今年も、大々的ではないものの日本でもイースターエッグなどの装飾を見かけますね。
昨年のイースターは3月27日だったのですが、今年のイースターは4月16日です。
どうして、日にちに大きな開きがあるのかと言いますと、
古の時代に開かれた会議で、
イースターは、春分の日以降、最初にくる満月から数えて1番めの日曜日にしよう、
と決められたのです。
このルールに基づいて日付が決められているため、
日付は毎年変わり、前年と比べた時に、1か月近くずれることもあるのです。
イースターがどのようなお祭りなのかは過去にお話させていただきましたので、
今回はイースターの時に食べる「クグロフ」のお話を少し、と思っております。
※イースターについては過去記事をどうぞ:イースターって、どのようなお祭り
クグロフというのは、このようなものなのですが、
名前は知らなかったけれど、「これなら見たことある」、「食べたことがある」、
という方もいらっしゃるのではないでしょうか。
ですが、クグロフはとても歴史のある食べ物で、その発祥も様々な説があるのです。
大きく分けて2つのタイプのクグロフがあるのですが、
あなたが召し上がったことがあるクグロフは、どちらのタイプのものでしょうか。
そして、あなたの好みのクグロフはどちらでしょうか。
まず、ドイツとの国境近くにあるフランスのアルザス地方が発祥だと言われているクグロフは、
イースト菌を使用して生地を発酵させてあります。
型の底にはアーモンドを、中にはレーズンを仕込み、
仕上げに真っ白な粉砂糖が振りかけてあります。
材料や作る手順を見ると、お菓子というよりはパンでブリオッシュ生地のようなタイプのものです。

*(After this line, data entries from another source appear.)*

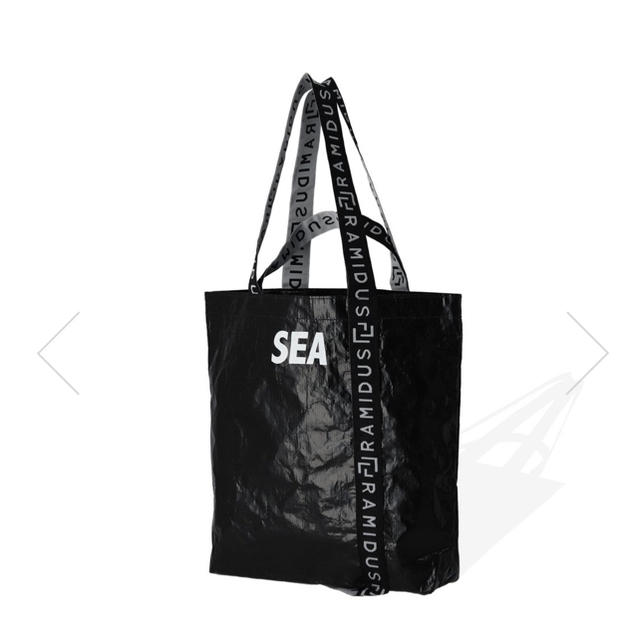 SEA(シー)のWDS × RAMIDUS TOTE BAG - M ブラック レディースのバッグ(トートバッグ)の商品写真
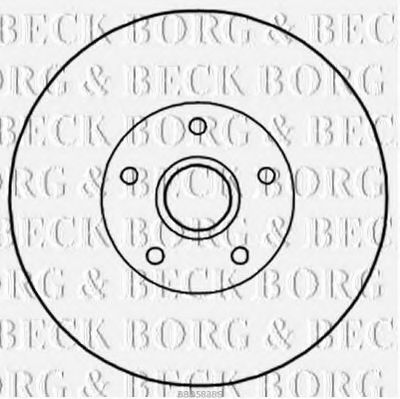 Тормозной диск BORG & BECK BBD5838S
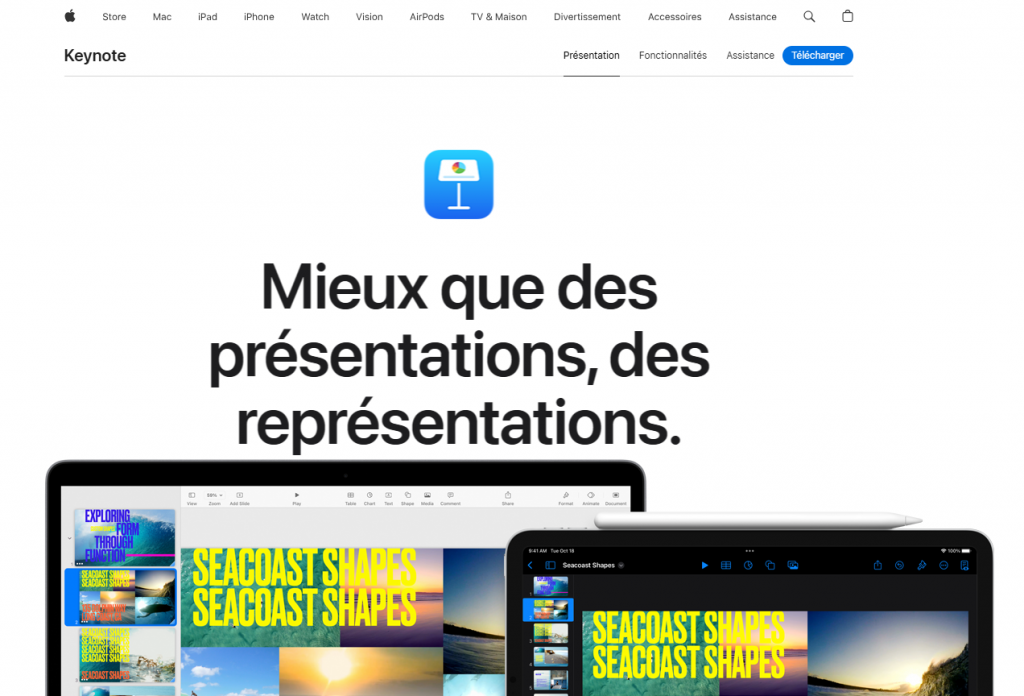Alternative à PowerPoint - Keynote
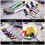4pcs Stainless Steel Salad Serving Spoons 9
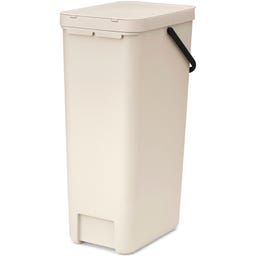 brabantia Sort & Go Recycling-Behälter 40 L - Soft Beige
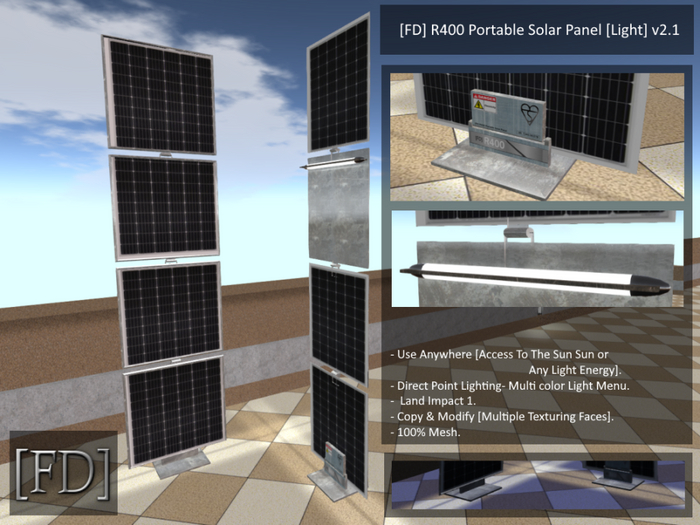 [FD] R400 Portable Solar Panel [Light] v2.1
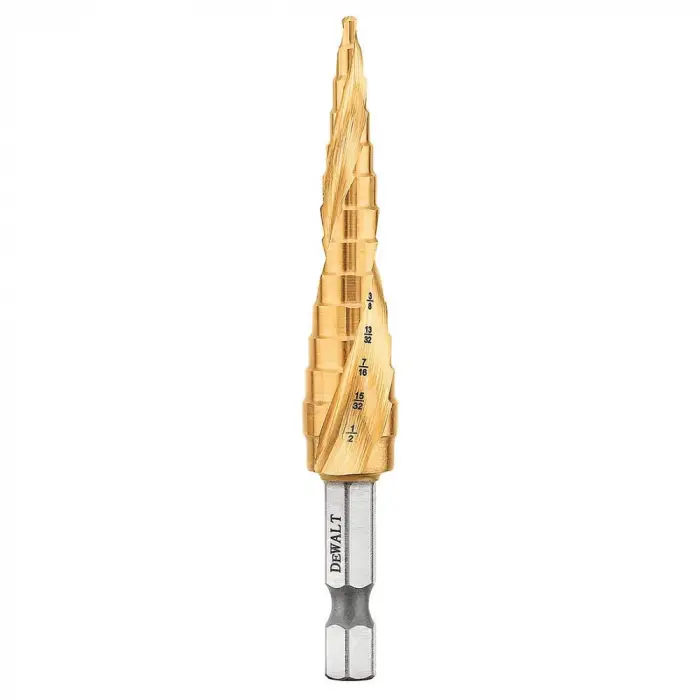 DEWALT DWA1784IR 3/16-Inch-1/2-Inch IMPACT READY Step Drill Bit
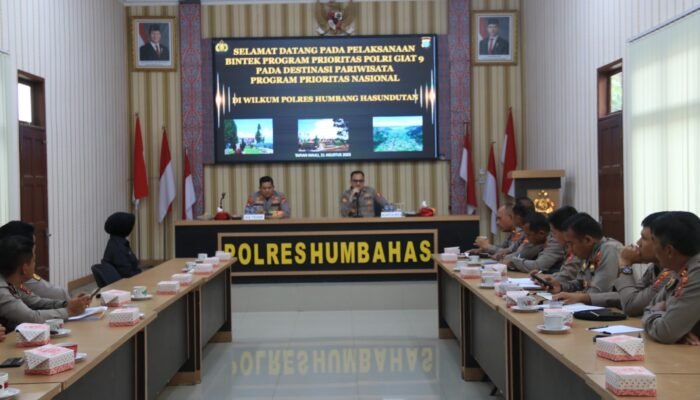 Tingkatkan Kualitas Keamanan Wisata, Korsabahara Baharkam Polri Laksanakan Bintek di Polres Humbahas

もうひとつは、現在のチェコの西部・中部地方辺りのボヘミア地方が発祥だと言われているクグロフ。
こちらは、バターケーキに似た材料や手順で作られており、
パンというよりは、帽子や王冠の形をしたパウンドケーキのようなタイプです。
そして、このクグロフは2つのタイプに分かれているだけではありません。
発祥に関しても諸説あるのです。
そのひとつが、クグロフは、あのマリー・アントワネットもお気に入りだったこともあり、
彼女がオーストリアからフランスへ持ち込んだという説。
よく耳にするのは、このマリー・アントワネット説のような印象があるのですが、
もうひとつ、マリー・アントワネットがフランスに持ち込む以前に、
キリストの誕生を祝った東方の三博士(占星術師とも)が、
一宿一飯の恩義のお礼として焼いたものだ、という説があるといいます。
三博士(占星術師とも)の説があるからでしょうか、
クグロフは、イースターに限らず、クリスマスやお誕生日、結婚式など、
おもてなしのシーンやお祝いのシーンなど様々なにも準備されます。
※三博士は、こちらの過去記事にも登場しています。ご興味ありましたらこちらもどうぞ
:オトナの知識|クリスマスツリーのてっぺんに飾られている星の名前とは?てっぺんの星が持つエピソードとは?
このような背景があるクグロフですので、
皆さんも「パン屋さんで見かけるあれね」と思われた方と、
「ケーキ屋さんで見かけるあれね」と思われた方といらっしゃるのではないでしょうか。
もし、どちらか片方しか召し上がったことがないようであれば、
今年は、もう片方のクグロフを味わってみてはいかがでしょうか。
私は、ヨーロッパ滞在中にパウンドケーキタイプをよく口にしていたせいか、
クグロフを購入するときにはつい焼き菓子タイプに手が伸びてしまうのですが、
今年はフワッとしたパンタイプを楽しんでみようかと思っております。
他にもヨーロッパでは、「アニョパスカル」という名の
羊を模ったビスキュイ生地のお菓子もあるのですが、
こちらのお話は、また機会がありましたら……。
イースターは春をお祝いするお祭りです。
今年も春を思いっきり感じて、楽しんでくださいませ。